*Problem details*
Range to reproduce from the entries below: the line with "Dinosaur Fossil Display", the line with "A display of", and every line in between. Give them exactly and give nothing else.

*Data for review*
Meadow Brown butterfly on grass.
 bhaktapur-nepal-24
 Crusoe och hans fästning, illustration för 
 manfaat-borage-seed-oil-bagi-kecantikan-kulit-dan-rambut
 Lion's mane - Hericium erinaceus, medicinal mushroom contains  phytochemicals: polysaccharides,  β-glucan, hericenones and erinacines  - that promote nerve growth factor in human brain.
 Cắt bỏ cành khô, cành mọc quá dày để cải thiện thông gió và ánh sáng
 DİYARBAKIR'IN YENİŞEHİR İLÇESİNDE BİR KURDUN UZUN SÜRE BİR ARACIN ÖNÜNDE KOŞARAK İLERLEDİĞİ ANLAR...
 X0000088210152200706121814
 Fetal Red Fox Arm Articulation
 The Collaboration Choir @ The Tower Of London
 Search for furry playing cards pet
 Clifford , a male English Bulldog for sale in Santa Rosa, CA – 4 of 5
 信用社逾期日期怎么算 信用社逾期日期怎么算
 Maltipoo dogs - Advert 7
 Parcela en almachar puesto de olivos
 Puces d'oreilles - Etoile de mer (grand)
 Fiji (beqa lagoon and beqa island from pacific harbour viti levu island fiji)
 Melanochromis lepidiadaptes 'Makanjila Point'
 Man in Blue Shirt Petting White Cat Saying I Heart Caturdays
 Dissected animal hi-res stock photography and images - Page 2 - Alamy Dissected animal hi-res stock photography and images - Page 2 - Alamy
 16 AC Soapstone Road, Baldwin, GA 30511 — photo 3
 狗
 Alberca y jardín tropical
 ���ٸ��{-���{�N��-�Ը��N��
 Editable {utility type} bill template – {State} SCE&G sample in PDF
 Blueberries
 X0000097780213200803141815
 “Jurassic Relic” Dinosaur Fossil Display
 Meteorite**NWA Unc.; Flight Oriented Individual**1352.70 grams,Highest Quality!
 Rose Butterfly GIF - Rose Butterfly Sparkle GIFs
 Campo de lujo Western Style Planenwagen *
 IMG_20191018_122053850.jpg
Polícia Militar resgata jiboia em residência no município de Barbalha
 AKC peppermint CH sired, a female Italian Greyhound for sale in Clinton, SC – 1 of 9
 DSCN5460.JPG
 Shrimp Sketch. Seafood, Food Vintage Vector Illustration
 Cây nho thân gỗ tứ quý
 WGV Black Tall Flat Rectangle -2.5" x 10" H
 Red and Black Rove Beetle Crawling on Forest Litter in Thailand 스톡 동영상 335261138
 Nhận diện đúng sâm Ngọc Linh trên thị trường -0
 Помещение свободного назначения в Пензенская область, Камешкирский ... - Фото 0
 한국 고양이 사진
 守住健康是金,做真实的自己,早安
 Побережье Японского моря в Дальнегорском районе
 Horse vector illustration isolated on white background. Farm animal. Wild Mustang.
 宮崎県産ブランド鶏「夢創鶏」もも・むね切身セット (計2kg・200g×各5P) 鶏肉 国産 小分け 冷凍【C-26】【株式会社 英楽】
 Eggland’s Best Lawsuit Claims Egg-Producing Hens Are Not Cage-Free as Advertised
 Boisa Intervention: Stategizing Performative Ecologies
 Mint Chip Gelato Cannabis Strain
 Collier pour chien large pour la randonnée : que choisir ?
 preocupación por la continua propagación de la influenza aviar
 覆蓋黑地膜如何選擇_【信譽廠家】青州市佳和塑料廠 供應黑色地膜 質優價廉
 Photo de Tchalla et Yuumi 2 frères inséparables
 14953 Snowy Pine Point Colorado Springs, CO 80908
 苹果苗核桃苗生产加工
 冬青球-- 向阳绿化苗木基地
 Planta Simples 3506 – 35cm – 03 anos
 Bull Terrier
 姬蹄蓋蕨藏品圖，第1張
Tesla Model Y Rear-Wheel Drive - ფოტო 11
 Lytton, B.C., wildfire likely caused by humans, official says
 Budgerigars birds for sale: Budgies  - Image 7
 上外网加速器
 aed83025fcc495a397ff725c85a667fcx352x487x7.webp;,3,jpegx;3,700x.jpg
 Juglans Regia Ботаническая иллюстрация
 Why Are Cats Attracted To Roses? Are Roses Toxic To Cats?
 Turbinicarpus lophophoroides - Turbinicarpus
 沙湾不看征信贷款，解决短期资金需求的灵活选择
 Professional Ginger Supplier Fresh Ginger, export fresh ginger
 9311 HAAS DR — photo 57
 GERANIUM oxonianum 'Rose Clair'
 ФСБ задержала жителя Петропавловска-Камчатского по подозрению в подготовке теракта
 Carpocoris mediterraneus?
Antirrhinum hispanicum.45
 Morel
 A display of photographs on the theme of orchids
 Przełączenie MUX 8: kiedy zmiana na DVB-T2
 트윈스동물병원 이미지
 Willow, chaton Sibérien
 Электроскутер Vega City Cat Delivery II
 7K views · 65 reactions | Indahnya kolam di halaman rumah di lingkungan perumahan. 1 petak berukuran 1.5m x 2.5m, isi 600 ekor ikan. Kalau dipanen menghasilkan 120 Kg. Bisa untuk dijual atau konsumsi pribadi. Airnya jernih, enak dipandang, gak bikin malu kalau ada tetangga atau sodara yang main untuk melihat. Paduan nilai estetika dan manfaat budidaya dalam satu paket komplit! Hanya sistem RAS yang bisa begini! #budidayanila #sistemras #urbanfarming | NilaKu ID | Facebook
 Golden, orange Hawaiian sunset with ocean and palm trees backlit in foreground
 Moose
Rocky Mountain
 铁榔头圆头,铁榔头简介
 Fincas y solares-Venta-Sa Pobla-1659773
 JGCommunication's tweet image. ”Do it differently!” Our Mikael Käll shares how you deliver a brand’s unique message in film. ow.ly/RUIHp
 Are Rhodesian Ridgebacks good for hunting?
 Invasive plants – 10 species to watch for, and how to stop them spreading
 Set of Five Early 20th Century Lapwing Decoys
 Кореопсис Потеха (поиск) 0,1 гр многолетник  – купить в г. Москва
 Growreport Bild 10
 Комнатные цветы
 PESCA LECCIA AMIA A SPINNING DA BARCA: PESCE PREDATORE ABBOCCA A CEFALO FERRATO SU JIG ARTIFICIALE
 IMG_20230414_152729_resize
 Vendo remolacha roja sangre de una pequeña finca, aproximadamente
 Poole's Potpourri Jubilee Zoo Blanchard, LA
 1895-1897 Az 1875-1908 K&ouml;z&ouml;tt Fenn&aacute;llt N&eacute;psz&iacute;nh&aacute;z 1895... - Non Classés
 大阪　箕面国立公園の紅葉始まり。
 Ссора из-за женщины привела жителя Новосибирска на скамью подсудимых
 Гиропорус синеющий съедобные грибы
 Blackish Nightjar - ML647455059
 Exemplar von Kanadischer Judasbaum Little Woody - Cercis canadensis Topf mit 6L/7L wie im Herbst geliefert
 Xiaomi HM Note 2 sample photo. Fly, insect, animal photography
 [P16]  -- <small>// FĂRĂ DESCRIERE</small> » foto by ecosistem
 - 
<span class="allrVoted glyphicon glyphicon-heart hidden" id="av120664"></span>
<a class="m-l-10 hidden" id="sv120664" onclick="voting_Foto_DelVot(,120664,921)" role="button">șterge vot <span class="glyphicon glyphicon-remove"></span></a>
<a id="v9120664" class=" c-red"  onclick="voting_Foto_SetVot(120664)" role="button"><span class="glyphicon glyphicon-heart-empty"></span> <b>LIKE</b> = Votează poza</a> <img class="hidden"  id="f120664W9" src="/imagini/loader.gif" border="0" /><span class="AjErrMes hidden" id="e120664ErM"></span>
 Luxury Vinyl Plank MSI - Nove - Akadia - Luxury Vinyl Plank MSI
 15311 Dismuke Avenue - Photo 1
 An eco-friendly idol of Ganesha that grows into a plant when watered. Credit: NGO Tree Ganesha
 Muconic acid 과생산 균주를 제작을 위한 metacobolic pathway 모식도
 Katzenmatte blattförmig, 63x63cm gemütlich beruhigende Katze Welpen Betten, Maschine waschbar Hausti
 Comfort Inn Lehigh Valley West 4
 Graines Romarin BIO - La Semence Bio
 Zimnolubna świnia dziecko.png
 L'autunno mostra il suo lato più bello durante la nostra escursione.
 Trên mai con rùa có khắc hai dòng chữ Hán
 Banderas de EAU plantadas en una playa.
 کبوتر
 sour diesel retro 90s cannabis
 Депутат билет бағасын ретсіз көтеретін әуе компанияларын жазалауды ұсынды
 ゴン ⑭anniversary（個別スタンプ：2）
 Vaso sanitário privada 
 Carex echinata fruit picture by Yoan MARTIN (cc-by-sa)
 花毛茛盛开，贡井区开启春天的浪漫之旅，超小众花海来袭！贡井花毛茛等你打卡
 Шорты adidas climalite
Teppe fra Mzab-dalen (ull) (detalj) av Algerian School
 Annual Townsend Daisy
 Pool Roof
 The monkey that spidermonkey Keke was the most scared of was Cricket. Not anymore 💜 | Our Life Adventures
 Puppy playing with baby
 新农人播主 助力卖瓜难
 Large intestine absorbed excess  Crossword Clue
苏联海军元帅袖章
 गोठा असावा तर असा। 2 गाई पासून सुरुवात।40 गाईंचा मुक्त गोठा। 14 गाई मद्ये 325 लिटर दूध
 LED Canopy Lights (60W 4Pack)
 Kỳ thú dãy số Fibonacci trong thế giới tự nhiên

*Final answer*
 “Jurassic Relic” Dinosaur Fossil Display
 Meteorite**NWA Unc.; Flight Oriented Individual**1352.70 grams,Highest Quality!
 Rose Butterfly GIF - Rose Butterfly Sparkle GIFs
 Campo de lujo Western Style Planenwagen *
 IMG_20191018_122053850.jpg
Polícia Militar resgata jiboia em residência no município de Barbalha
 AKC peppermint CH sired, a female Italian Greyhound for sale in Clinton, SC – 1 of 9
 DSCN5460.JPG
 Shrimp Sketch. Seafood, Food Vintage Vector Illustration
 Cây nho thân gỗ tứ quý
 WGV Black Tall Flat Rectangle -2.5" x 10" H
 Red and Black Rove Beetle Crawling on Forest Litter in Thailand 스톡 동영상 335261138
 Nhận diện đúng sâm Ngọc Linh trên thị trường -0
 Помещение свободного назначения в Пензенская область, Камешкирский ... - Фото 0
 한국 고양이 사진
 守住健康是金,做真实的自己,早安
 Побережье Японского моря в Дальнегорском районе
 Horse vector illustration isolated on white background. Farm animal. Wild Mustang.
 宮崎県産ブランド鶏「夢創鶏」もも・むね切身セット (計2kg・200g×各5P) 鶏肉 国産 小分け 冷凍【C-26】【株式会社 英楽】
 Eggland’s Best Lawsuit Claims Egg-Producing Hens Are Not Cage-Free as Advertised
 Boisa Intervention: Stategizing Performative Ecologies
 Mint Chip Gelato Cannabis Strain
 Collier pour chien large pour la randonnée : que choisir ?
 preocupación por la continua propagación de la influenza aviar
 覆蓋黑地膜如何選擇_【信譽廠家】青州市佳和塑料廠 供應黑色地膜 質優價廉
 Photo de Tchalla et Yuumi 2 frères inséparables
 14953 Snowy Pine Point Colorado Springs, CO 80908
 苹果苗核桃苗生产加工
 冬青球-- 向阳绿化苗木基地
 Planta Simples 3506 – 35cm – 03 anos
 Bull Terrier
 姬蹄蓋蕨藏品圖，第1張
Tesla Model Y Rear-Wheel Drive - ფოტო 11
 Lytton, B.C., wildfire likely caused by humans, official says
 Budgerigars birds for sale: Budgies  - Image 7
 上外网加速器
 aed83025fcc495a397ff725c85a667fcx352x487x7.webp;,3,jpegx;3,700x.jpg
 Juglans Regia Ботаническая иллюстрация
 Why Are Cats Attracted To Roses? Are Roses Toxic To Cats?
 Turbinicarpus lophophoroides - Turbinicarpus
 沙湾不看征信贷款，解决短期资金需求的灵活选择
 Professional Ginger Supplier Fresh Ginger, export fresh ginger
 9311 HAAS DR — photo 57
 GERANIUM oxonianum 'Rose Clair'
 ФСБ задержала жителя Петропавловска-Камчатского по подозрению в подготовке теракта
 Carpocoris mediterraneus?
Antirrhinum hispanicum.45
 Morel
 A display of photographs on the theme of orchids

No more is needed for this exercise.